ちなみに本製品の開発は、2012年ごろに社内で開催された「ヤングワーキング」というプログラムで出された、若手の技術担当者からの発案が発端になっているという。田井氏は「最終的な製品と最初のスケッチの形状はほとんど変わっていません。そのことからも分かるように、球状のフォルムははじめから奇抜なデザインを狙ったものではなく、誘引気流の特性を最大限発揮する構成を考えた、流体力学から導き出されたものなんです」と語る。

製品の内部構造。ターボファンと誘引気流技術を掛け合わせた仕組みであることがよくわかる

パナソニックでは、1988年度モデルの扇風機から"1/fゆらぎ"と呼ばれる独自の機能を搭載している。「扇風機は100年もの歴史がある中で、台座・支柱・モーター・羽根・ガードという構成は、現在まで変わっていません。各社は性能面や使い勝手、品質、デザイン、コスト面などで、長年改良を重ねてきましたが、"ストレスのない風"ということが課題にありました」と田井氏。

一般的なプロペラファンの扇風機というのは、1枚1枚のブレードで空気を切って前に押し出せて風を発生させる仕組み。田井氏によると、人工的に作り出した、いわば自然界には存在しない速い脈動の風であるため、人が浴び続けるとだるく感じてしまう性質があるのだという。そこで、“ターボファン”と“誘引気流”の技術を利用して脈動のない風をつくるだけでなく、実際に蓼科高原の風を計測解析し、自然現象にある心地いいと感じる自然のリズムをDCモーターで制御することで再現したのが"1/fゆらぎ"という独自の機能だ。本製品はプロペラファン以外の扇風機でこの機能を初めて搭載した商品でもある。

量産化に立ちはだかった成形の壁

一方、研究部門から引き継ぎ、実際に製品化するにあたっては、やはり一筋縄ではいかなかったとのこと。田井氏は具体的なエピソードとして次のように明かした。

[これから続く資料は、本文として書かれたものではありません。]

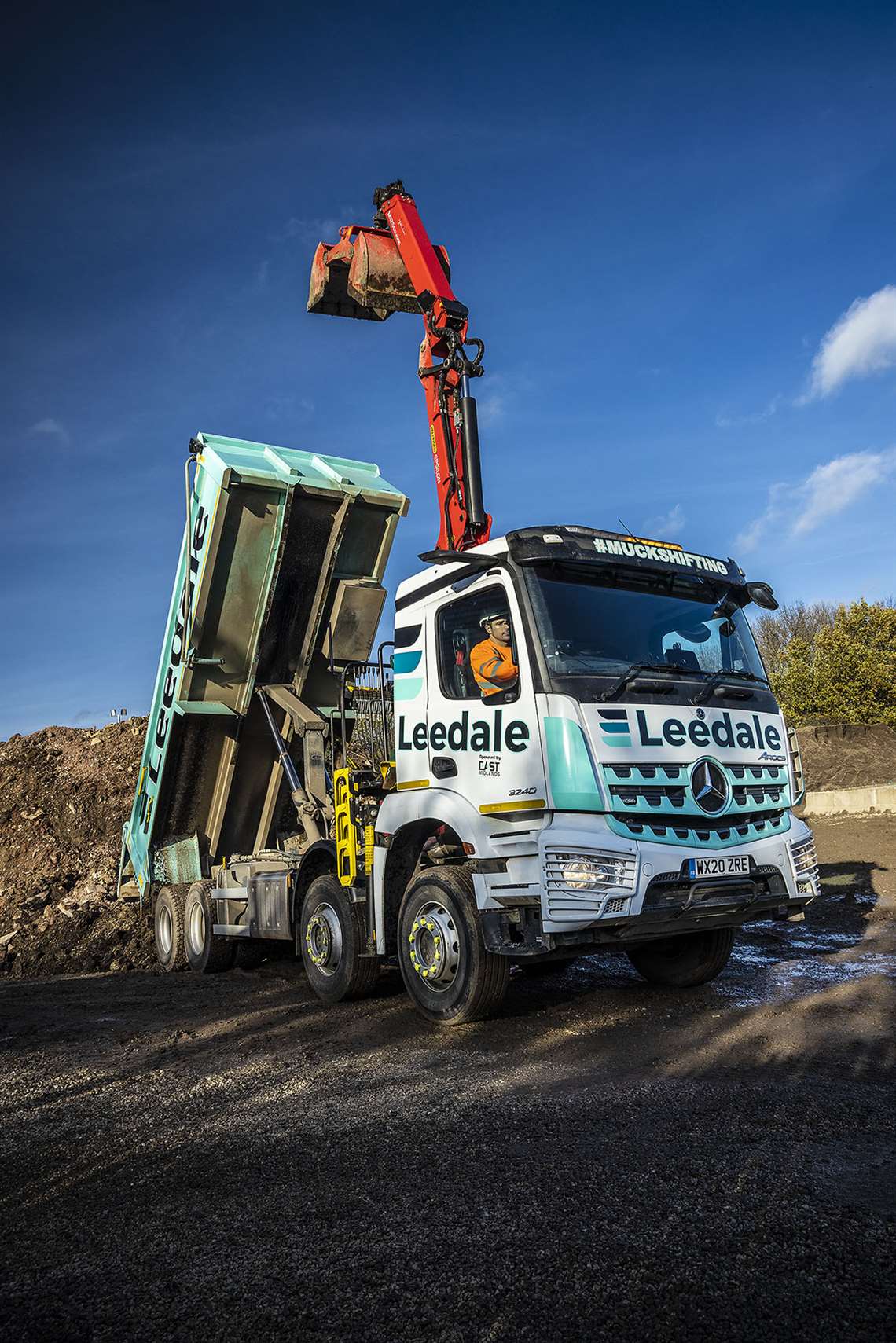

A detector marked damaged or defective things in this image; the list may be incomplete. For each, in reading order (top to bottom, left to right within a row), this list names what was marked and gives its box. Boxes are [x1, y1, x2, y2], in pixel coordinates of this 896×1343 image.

rusty bucket [310, 228, 451, 319]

操作部。5段階の風量の他に、パナソニック独自の"1/fゆらぎ"モードを搭載。球体で自由な角度で設置ができるため、ボタンの位置をどこにするかも議論の1つだったという

6つの穴を持つ形状を実現するための金型作成は至難の業。成形の際には、接合部分から少しでも風が漏れてしまうのは製品上NGのため、調整には並ならぬ苦労が費やされたとのことだ

「成形金型は外側に6方向、内側に6方向にスライドを設けなければ形状を実現できないため、高度な金型設計技術が必要で、金型メーカーと何度も検討・打ち合わせを繰り返しましたが、製造現場では、金型はできても成形ができないといった問題なども多くありました。例えば、誘引された空気の吸い込み口になっている6つの穴どうしの内部空間はファンの吹き出し口へ導く風路にもなっているので、接合部分から少しでも風が漏れてしまうと風圧が変わってしまいます。穴の部分は、スタンドの上で吹出し方向を変えるときなど、触れる場所にもなっているので、触った時のひっかかり具合や痛くないかなども含めて、かなり細かな嵌合調整が必要で、大変苦労しました」

空気の吸引口であると同時に、持ち手の役割も果たす穴の部分は、持った際の引っかかりや手なじみのよさなどさまざまな角度から調整が図られている

首振り機能を独立させた理由

冒頭で述べた通り、同製品は第2世代のモデルから首振りの機能が追加された。専用のスタンドをドッキングすることで360°回転できるようになるというものだが、本体と連結しなかったのには、次のような理由があるのだという。

「通常であれば本体と台を一体にするのがセオリーですが、球状のユニークな形を活かして、ユーザーがそれぞれ自由な使い方ができるのが製品のコンセプトでもあるので、あえて分離する構造を採用しました。営業部門からも、既存ユーザーでも使えるように別売品にしたいという要望もありました」

首振りスタンドのコードは、本体が動作していることを電気的に感知するためのものとしてあえて追加されているパーツだ

Qを首振りスタンドに置いた状態

ところが、独立して動く首振りスタンドを採用すると、上に他の物が置かれて別の用途に使われてしまう可能性があり、それが課題として生じたとのこと。そこで取られた方策は、創風機が動作していることを電気的に監視する方法。これにより本体が動作していることを認識して、スタンド単体では動作しない仕様にしたそうだ。

"新たな風と生活スタイルを想像する"

第3世代の新モデルでは、吸い込み口と吹き出し口から、ブルーとオレンジの2色LEDライトを発光する機能が加わった。新機能の狙いと、この2色を採用した理由を訊ねてみた。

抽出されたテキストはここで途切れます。